What's going on?
On Wednesday, better-than-expected earnings updates from established US retailers Target and Lowe’s made for a curious comparison with retail startups Global Fashion Group (GFG) and Jumia.
What does this mean?
Lowe’s update could keep industry neighbor Home Depot up at night: it reported better-than-expected quarterly sales growth and profit. And major retailer Target (“Tar-jay”) was right on the money on Wednesday, also posting higher-than-expected sales and profit. The latter figure in particular might’ve surprised investors given Target’s significant investment in ecommerce, which typically hampers profits. Target, like Walmart, capped off its hot streak by raising its profit prediction for the year.
But investors were reminded high-growth ecommerce isn’t without cost: German-listed online fashion retailer GFG reported 17% revenue growth last quarter, but higher losses compared to the same time last year. And likewise, second-quarter results from Jumia – Africa’s answer to Amazon – showed it’s some way off breaking even too.
Why should I care?
For markets: Startups vs. grownups.
GFG and Jumia specialize in emerging markets, so they don’t have much crossover with US retailers – except when it comes to competing for global investors’ cash. Investors must decide whether they’d prefer a high-growth but loss-making startup or a slower-growth but profitable incumbent. This round went to the stalwarts: Target and Lowe’s shares rose by 20% and 10% (tweet this), perhaps because they’re reinvesting profits into their own “startup-esque” brands. Meanwhile, GFG’s stock rose 2% and Jumia’s fell 10%. Investors might be wary about both companies’ links with notoriously aggressive tech investor Rocket Internet.
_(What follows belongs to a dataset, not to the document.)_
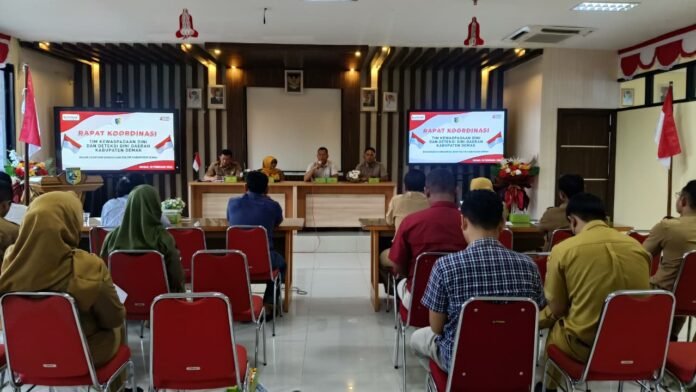 Rapat Koordinasi Tim Kewaspadaan Dini dan Deteksi Daerah Kabupaten Demak yang digelar Bakesbangpol bersama unsur TNI, Polri, BIN, dan perangkat daerah, membahas penguatan sinergi menjaga kondusivitas wilayah menjelang Ramadan. (Foto:Sam)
The bigger picture: Suppliers are the next battleground.
Delayed US tariffs on some Chinese products will keep the wolf from some retailers’ revolving doors until Christmas, but they’ll need to convince suppliers not to increase prices to keep it fed through 2020. The biggest retailers might be influential enough to keep costs down, but startups could find they don’t have enough leverage – putting profitability further out of reach.